A small part, but a part nonetheless, in the Blues stumbling in the latter two games of their recent West Coast road trip was the power play. The unit converted just one of 10 opportunities in losses to Los Angeles and San Jose.
If returning home to face the New York Islanders, who had dropped seven straight games, seemed scrumptious, it was in part because the Isles brought the NHL’s last-place penalty-killing unit to town.

The Blues took advantage Thursday night at Scottrade Center, matching a season high with three power-play goals in a 5-1 win over the Islanders in front of a crowd of 14,152.

David Backes, Derek Roy and Jay Bouwmeester provided the pudding on the man-advantage, and with even-strength tallies by Magnus Paajarvi and Brenden Morrow, the club snapped its two-game losing streak.

“We played against two teams (LA and San Jose) that pressured the puck a lot, and we kind of over-complicated things,” said Blues defenseman Kevin Shattenkirk, who assisted on two of the team’s power-play goals Thursday, a night when the team went three for six. “We just got back to simple point shots, getting pucks to the net and winning those battles.”
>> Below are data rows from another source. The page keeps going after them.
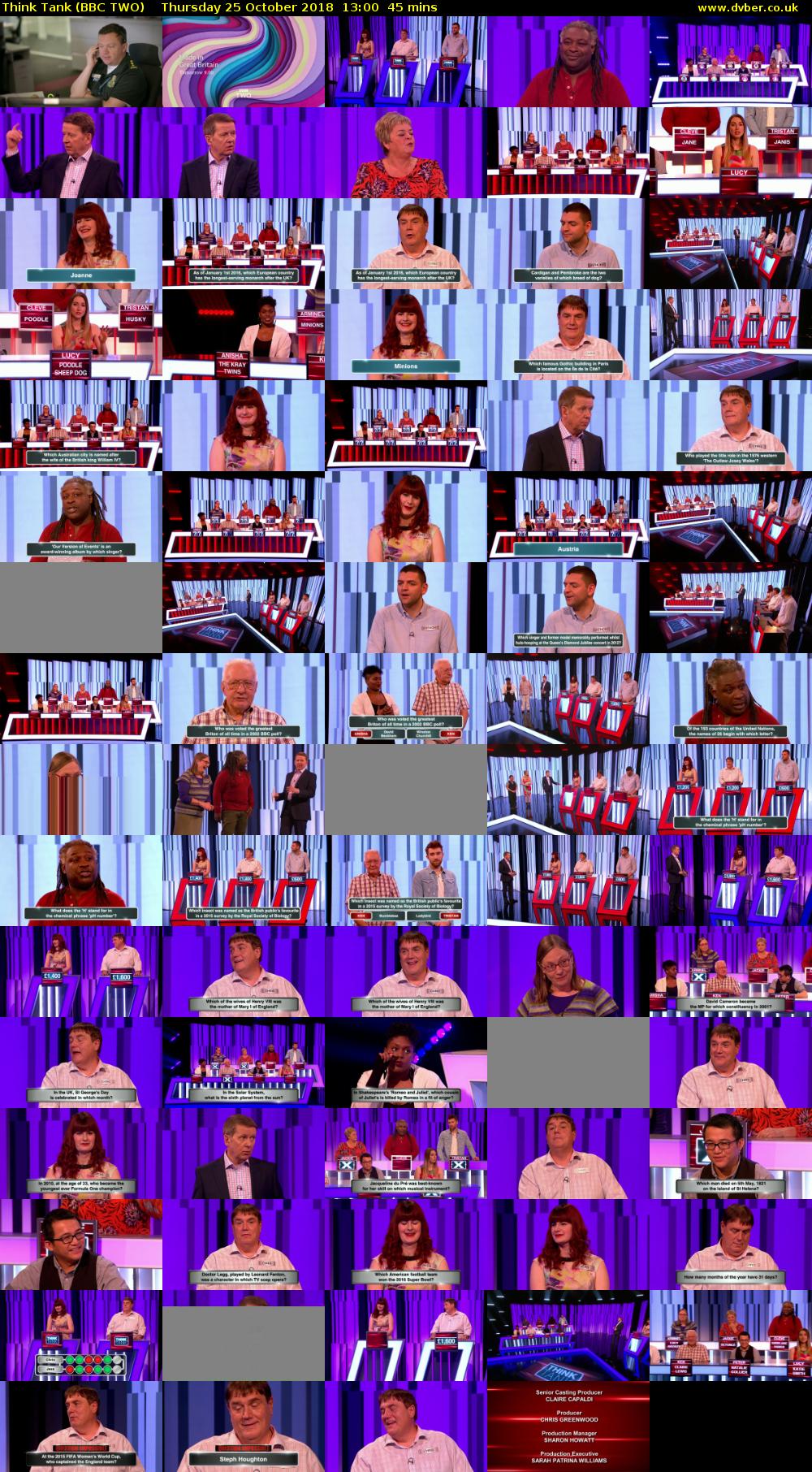 Think Tank (BBC TWO) Thursday 25 October 2018 13:00 - 13:45
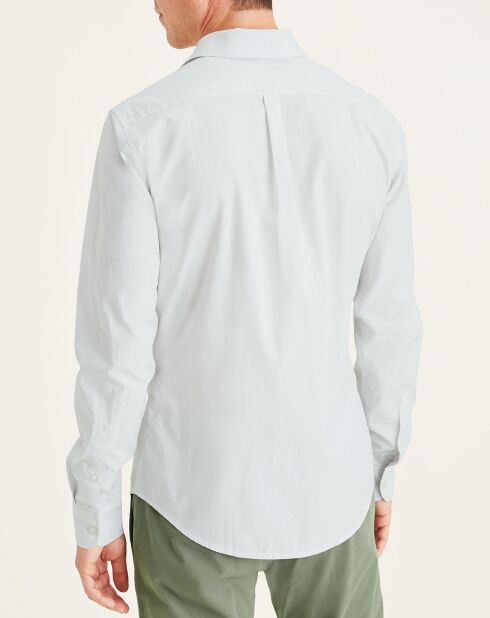 Chemise Slim Alpha Icon imprimée greige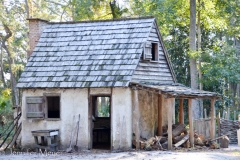 The park includes a replica of a colony home.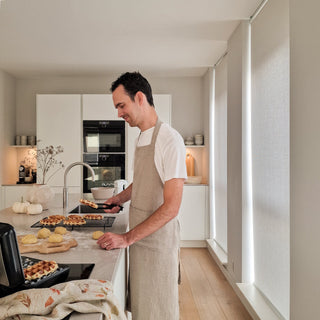 Natural Linen Chef Apron - Linen Tales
Goaltender Jaroslav Halak made 22 saves — one with his mask — to pick up his 15th win of the season for the Blues, who will be back on the ice Saturday night when they host Anaheim.

There was a laundry list of reasons the club fell in LA and San Jose, but the power play left the team hung out to dry.
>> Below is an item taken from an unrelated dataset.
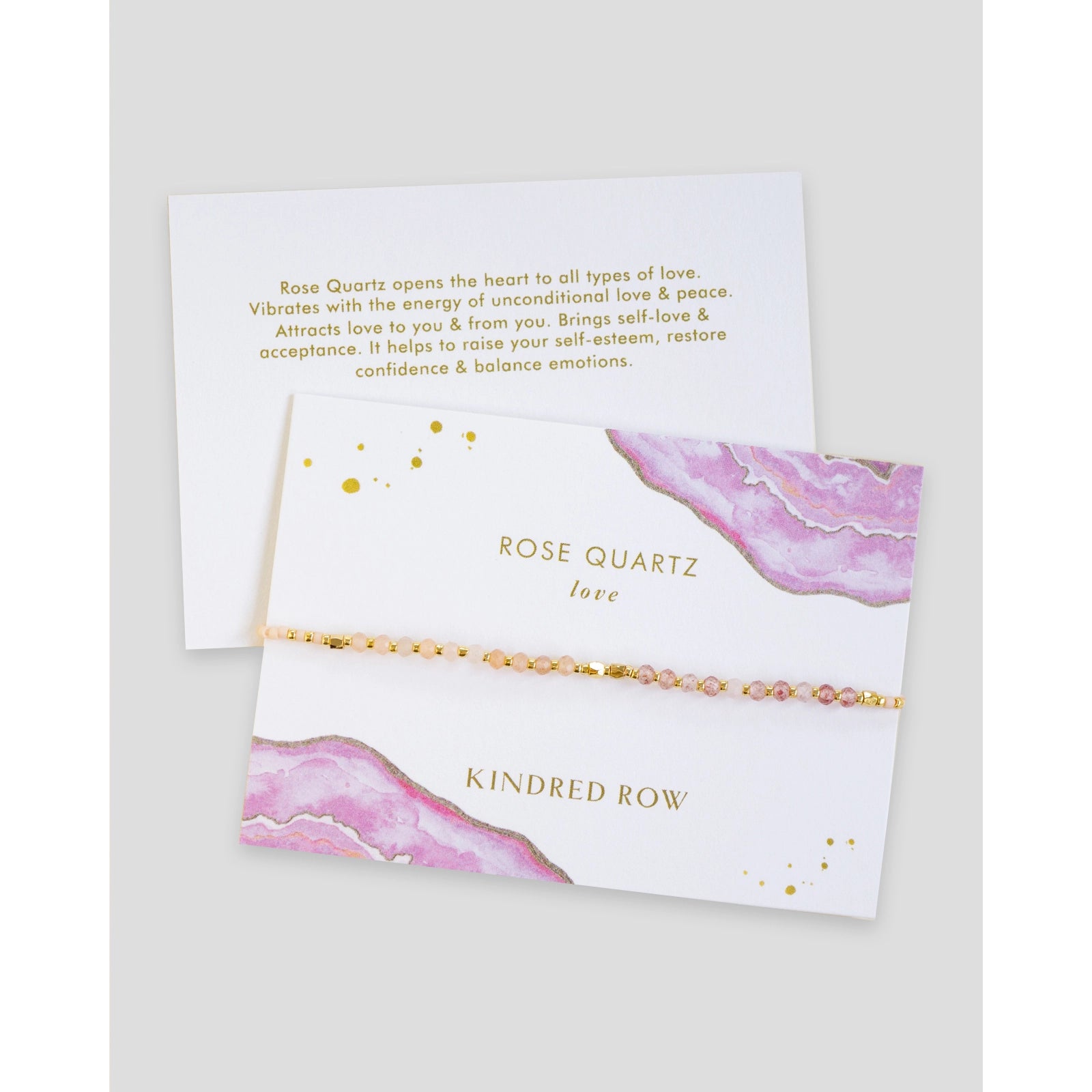 Rose Quartz - Healing Gemstone Stacking Bracelet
The Blues had owned the NHL’s top-ranked unit but “dropped” to No. 3 after the wipe out on the West Coast. But after Monday’s matchup against LA’s seventh-ranked PK unit, the team faced the No. 30 Islanders Thursday.

After New York’s Thomas Vanek went to the penalty box for interference midway through the first period, the Islanders nearly escaped without harm. But with one second left on the man-advantage, Blues defenseman Bouwmeester put a point shot past Isles goalie Anders Nilsson for a 1-0 lead with 8:13 left in the opening frame.
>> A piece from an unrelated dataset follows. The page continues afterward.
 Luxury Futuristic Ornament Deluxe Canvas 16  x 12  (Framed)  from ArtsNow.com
Halak was strong in the early going, thwarting off a few scoring chances by John Tavares and Co. But four minutes into the second period, a shot by Tavares caught Halak in the mask. The pressure of the puck hitting the mask caused his lip to split in a couple of spots, but with trainer Ray Barile able to stop the bleeding, Halak stayed in the game.

“You should have seen the other guy,” Halak joked after being asked about the cuts following the game.

The Blues received a penalty on that sequence, however, when Roy was whistled off for tripping. Late in that Islanders’ power play, defenseman Andrew MacDonald knotted the score 1-1 on a point shot of his own.

It remained a special-teams theme, perhaps leading Blues coach Ken Hitchcock moments later to make a prediction.

When New York’s Matt Martin was called for interference with 13:40 left in the second period, Fox Sports Midwest’s Bernie Federko asked Hitchcock how important the power play would be. His answer: it would determine the game.